§ Exercise prompt
Please set down each line of the material exactly.

§ Supplied material

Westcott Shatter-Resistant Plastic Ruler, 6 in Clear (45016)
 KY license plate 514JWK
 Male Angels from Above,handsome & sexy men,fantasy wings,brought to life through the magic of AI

§ Task answer
Westcott Shatter-Resistant Plastic Ruler, 6 in Clear (45016)
 KY license plate 514JWK
 Male Angels from Above,handsome & sexy men,fantasy wings,brought to life through the magic of AI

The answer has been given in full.